AIM OF THE TASK » Each line below must be transcribed exactly, and no picture may appear in the transcription.

STORED DATA »
=== Section Start ===

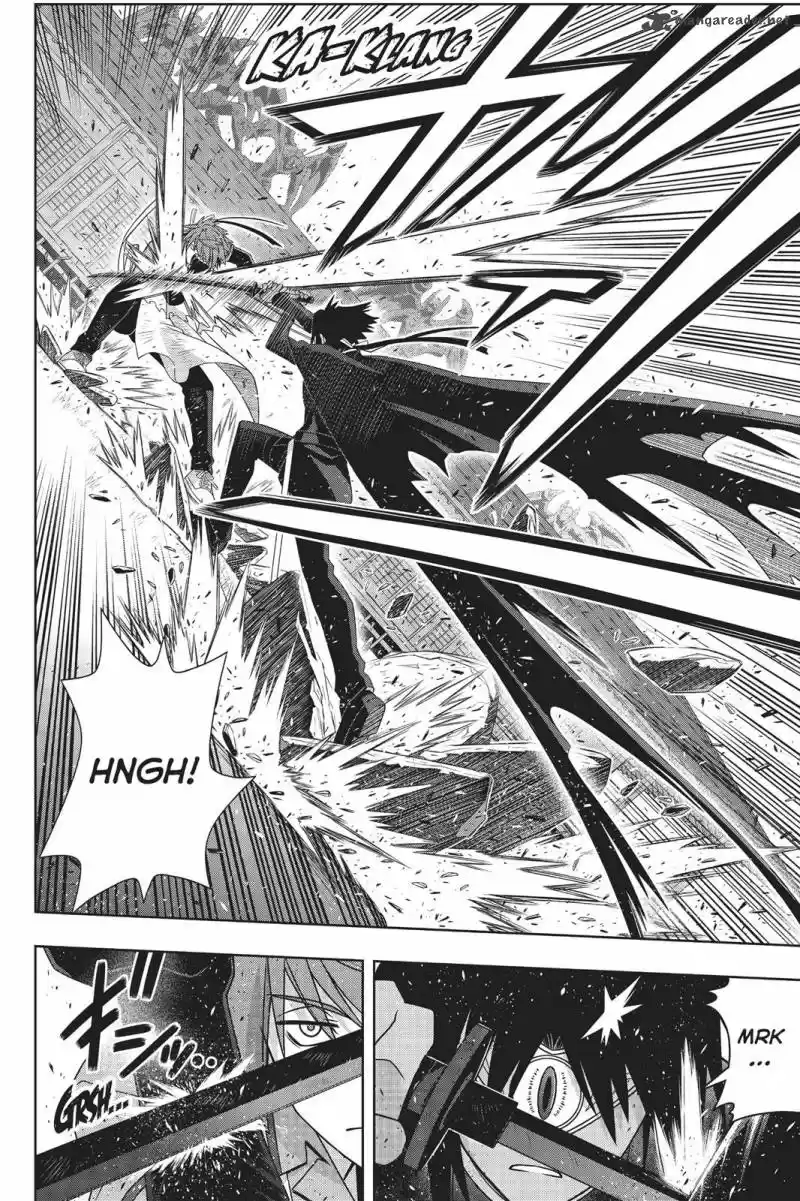 UQ Holder! 161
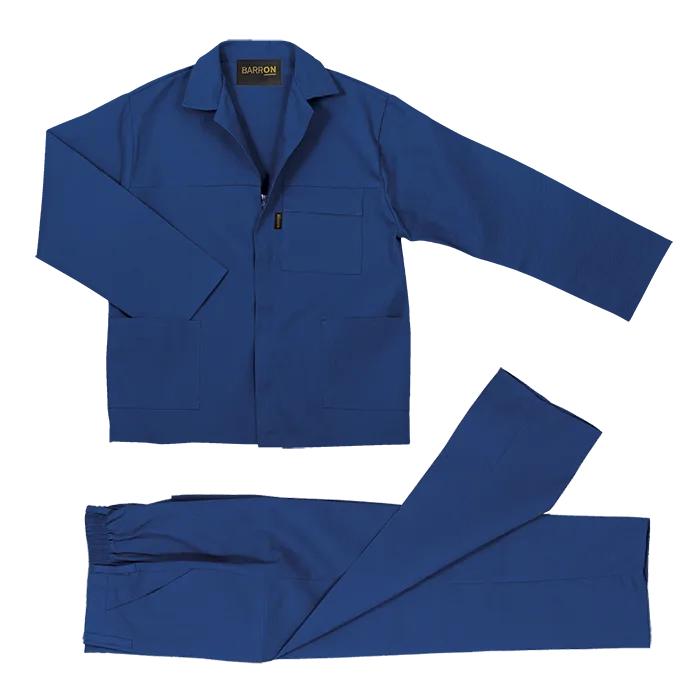 Barron Budget Poly Cotton Conti Suit - Image 3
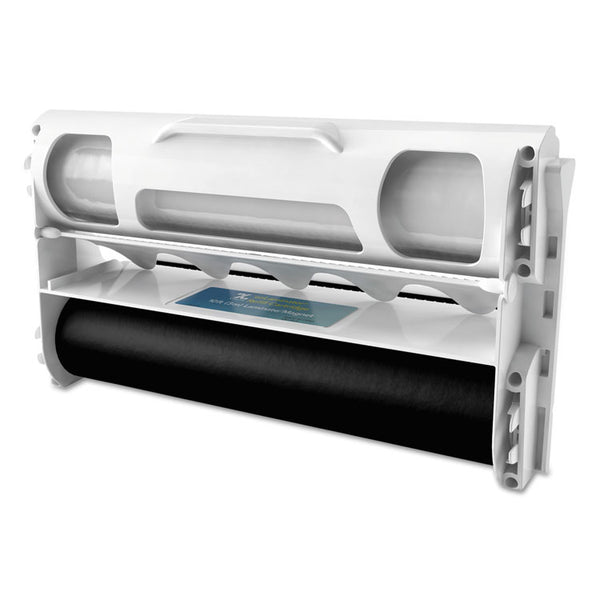 Xyron® Laminator Refill Cartridge, 3.2 mil, 9" x 10 ft, Gloss Clear (XRN100128) Each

=== Section End ===

RESPONSE FOR THIS EXERCISE »
 UQ Holder! 161
 Barron Budget Poly Cotton Conti Suit - Image 3
 Xyron® Laminator Refill Cartridge, 3.2 mil, 9" x 10 ft, Gloss Clear (XRN100128) Each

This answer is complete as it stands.